4. Crea y esboza tu trama A, la trama B, la trama C, etc.

Como querido pantser, debo admitir que cuando estás escribiendo un guión, te beneficiarás mucho más de esbozar que con otros medios. ¿Por qué? Porque la escritura de guiones es parte de un negocio más grande, y si encuentran diez páginas extra explorando la naturaleza de la humanidad o el arco de un personaje secundario al azar, será cortado. Tienes que mantenerte en el camino y concentrarte para que tu público -que es mucho menos paciente que el de las novelas- no cambie de canal.

Una vez que hayas decidido la estructura de tu espectáculo, puedes empezar a trazar las diferentes líneas argumentales (llamadas trama A, trama B, etc.) y a introducirlas en sus actos. No hay una regla rígida sobre cuál es la trama A, aunque suele ser el conflicto central y general, y cada trama posterior es más pequeña, aunque no menos importante.

Además, no hay límite en el número de subtramas que puedes tener. ¡Fíjate en Juego de Tronos!
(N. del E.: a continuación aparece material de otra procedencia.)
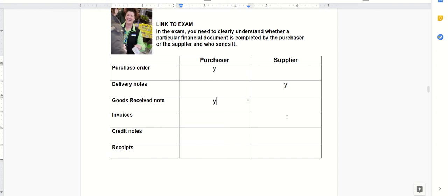The supplier then raises an invoice to the purchaser, saying, 'We want our money for all the stuff we've sent you.'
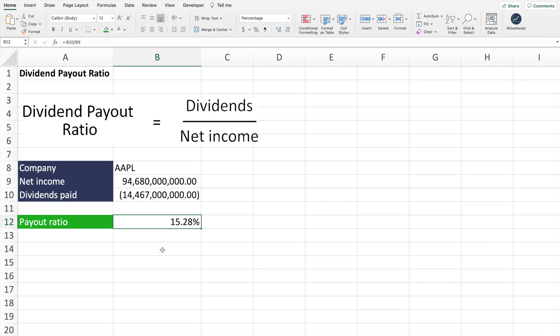If you're interested in investing in dividend stocks, one of the key numbers is the dividend payout ratio. In this video, I'm going to share with you everything that you need to know about the dividend payout ratio, why it matters, and how you can calculate it.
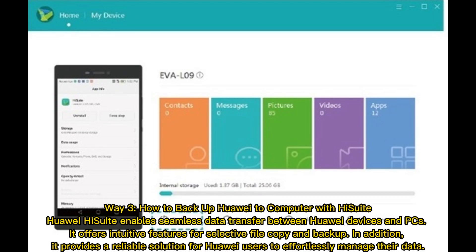Way 3: How to backup Huawei to computer with HiSuite. Huawei HiSuite enables seamless data transfer between Huawei devices and PCs. It offers intuitive features for selective file copy and backup. In addition, it provides a reliable solution for Huawei users to effortlessly manage their data.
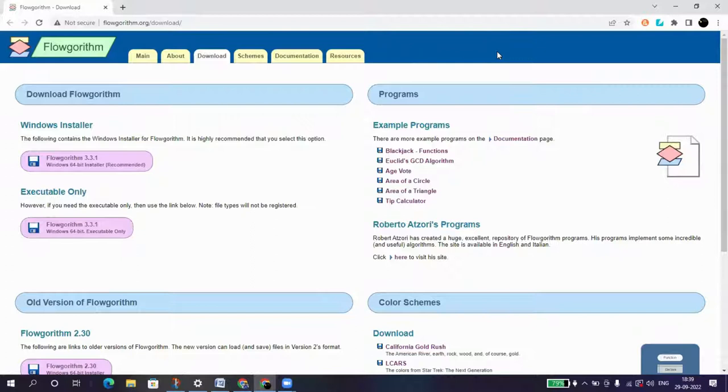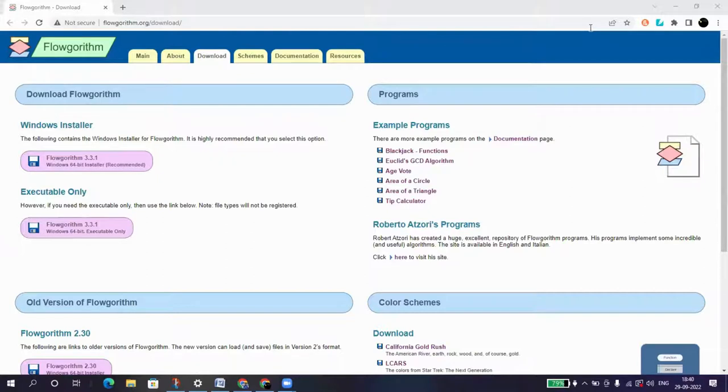Okay, and you should be able to have it. Okay, so I've already checked. I have the Flowgorithm.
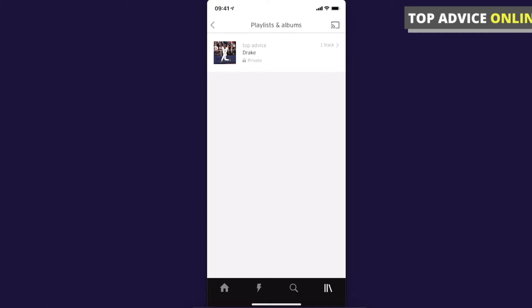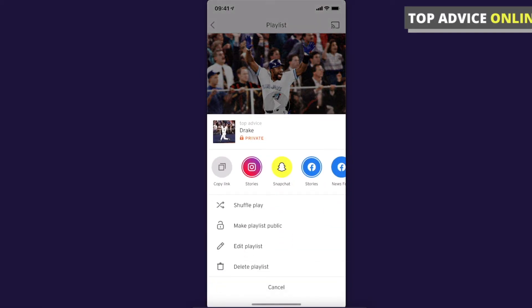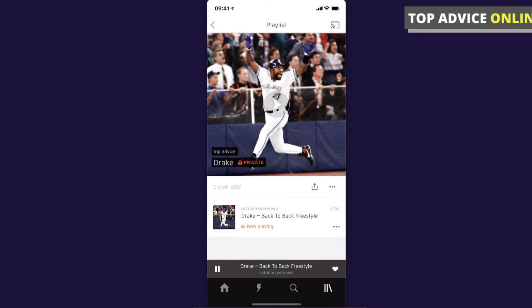At the bottom of the playlist banner you should see the number of tracks in that particular playlist and then three little dots next to it. Press on it and the first option is Shuffle Play. Press on that and now all your songs are mixed up and not in order.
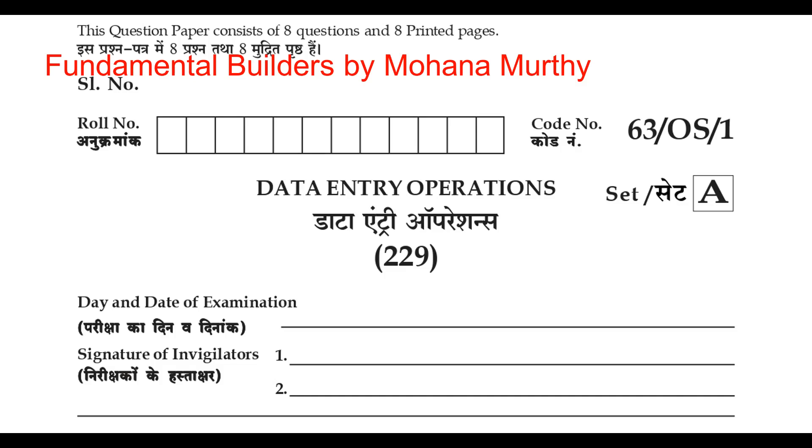Greetings children. The question paper code for this paper is number 63, OS, 1, set A.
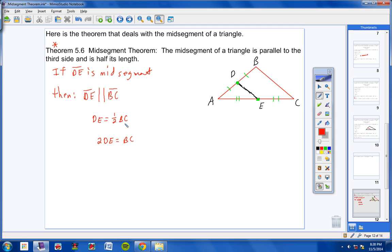You can take the longer side BC and cut it in half, and that equals DE. Or, you can take the shorter side DE, multiply it by 2, and get the longer side BC.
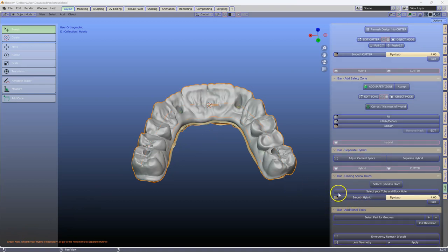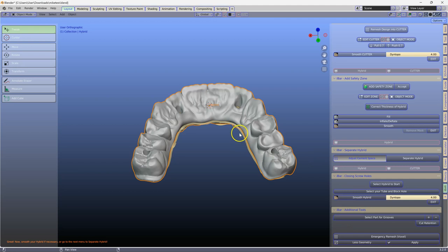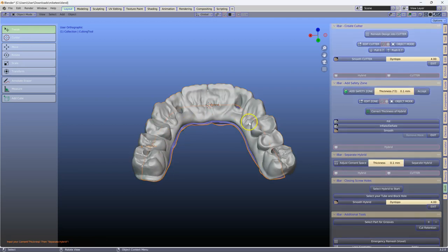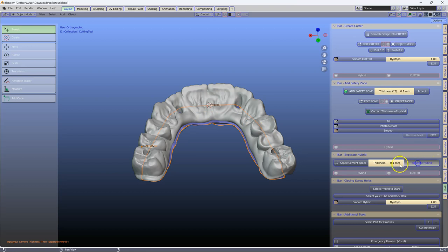Next, go to your adjust cement spacer, which will change the color of your cutting tool. Put your thickness in there, and then click on separate.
Muchas llegan a su fin con el tiempo y se entrelazan con las tramas A y B, y esquematizarlas desde el principio para tu piloto te ayudará enormemente.

Si no estás seguro de por dónde empezar, simplemente escribe los esquemas de cada línea argumental por separado y conéctalos a la estructura de actos que elijas, moviendo las cosas sobre la marcha. ¡El esquema es diferente para cada persona, pero te recomiendo que lo hagas para tu piloto de televisión para asegurarte de que el programa está bien equilibrado.

¡Ponte a escribir!

Ahora la parte que has estado esperando: escribir! Con todo tu trabajo duro decidiendo todo lo demás, esta parte debería ser más fácil. Si eres nuevo en la escritura de guiones, consulta mi guía sobre cómo empezar como novato, pero si eres un profesional experimentado, ¡aléjate de esta entrada del blog y empieza a escribir ya!

Si alguna vez empiezas a sentirte perdido, intenta hacer el método del minuto a minuto que comenté para la escritura de largometrajes para un programa de televisión que emula temas o estructuras similares a los tuyos. Lo que harás es hacer una pausa después de cada escena y escribir lo que sucede. Después, verás dónde hacen sus pausas de actuación y, si eres tan atrevido (o te lo exigen en una clase como a mí), puedes seguir el método del minuto a minuto durante varios episodios y ver cómo siguen también varias líneas argumentales a lo largo de la serie. Puede parecer mucho trabajo, pero una vez que lo hayas hecho te sorprenderás con la claridad que tienes!